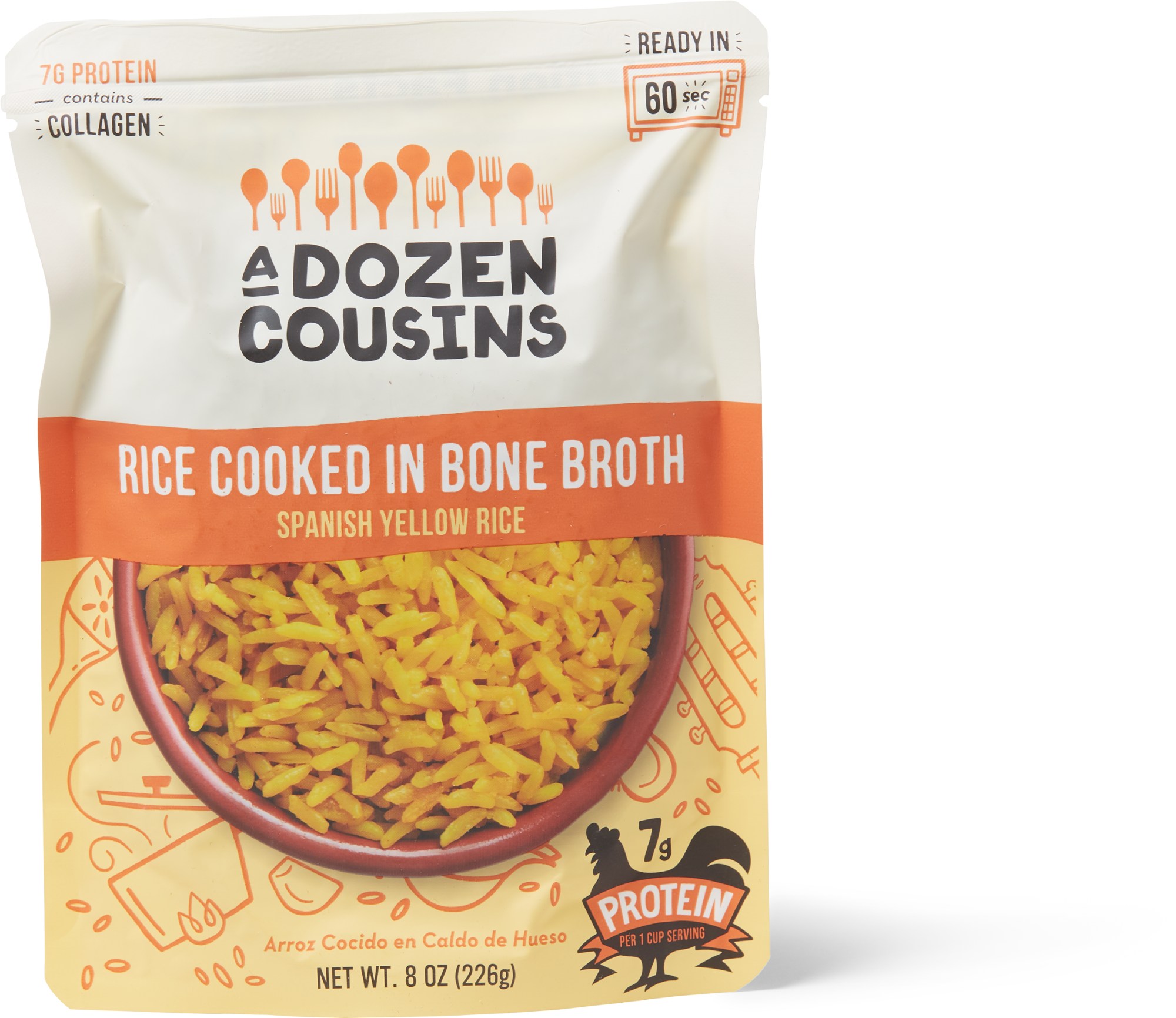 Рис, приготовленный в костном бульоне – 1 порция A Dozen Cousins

---

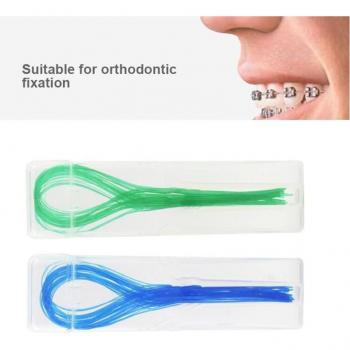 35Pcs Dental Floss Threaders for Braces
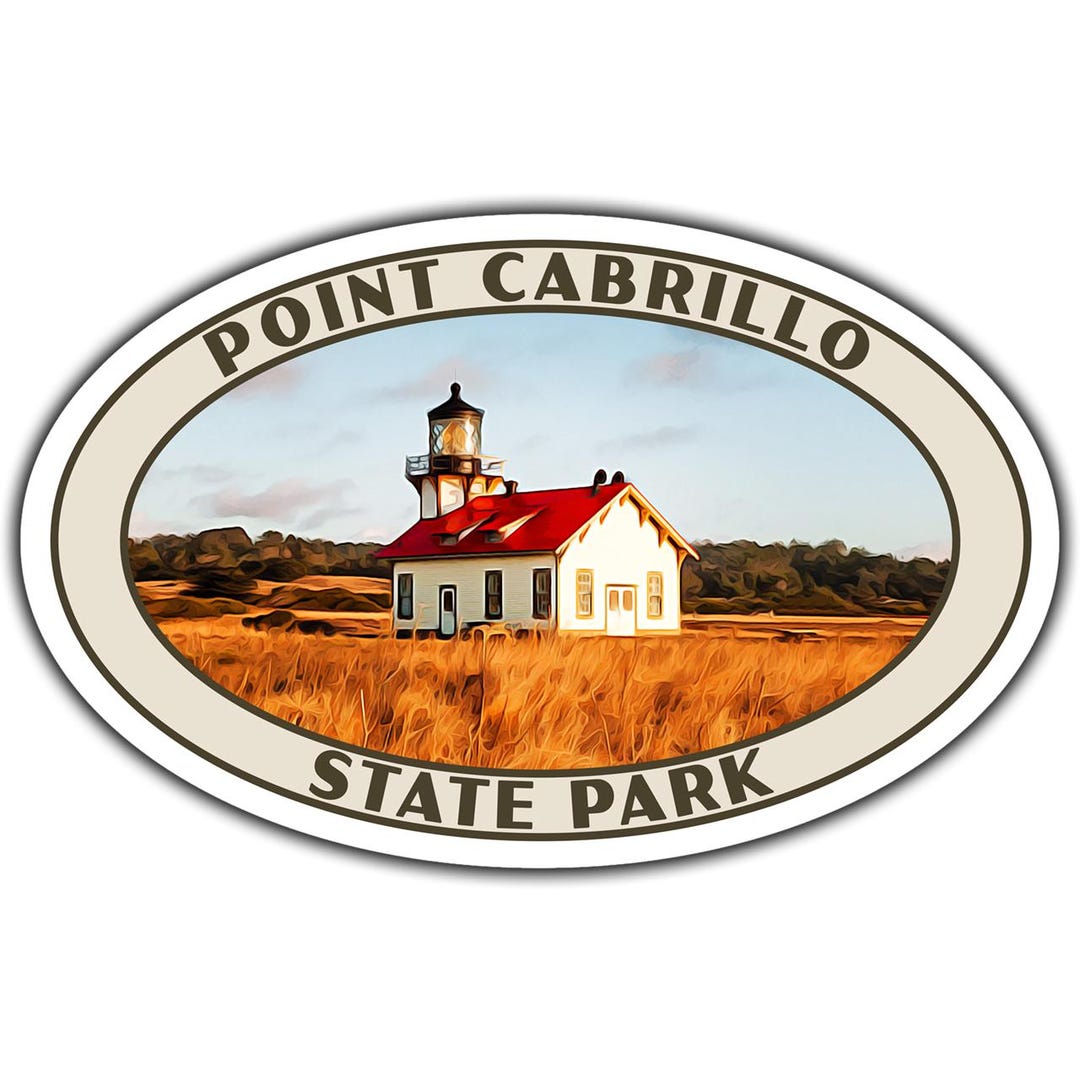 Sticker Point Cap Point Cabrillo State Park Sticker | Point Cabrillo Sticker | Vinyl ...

• _PROBLEM STATEMENT_
Look above for the line containing "35Pcs Dental Floss Threaders for Braces", then write out every line from there down to the line containing "Sticker Point Cap", that line included, with no pictures.

• _RESULT OF THE TASK_
 35Pcs Dental Floss Threaders for Braces
 Sticker Point Cap Point Cabrillo State Park Sticker | Point Cabrillo Sticker | Vinyl ...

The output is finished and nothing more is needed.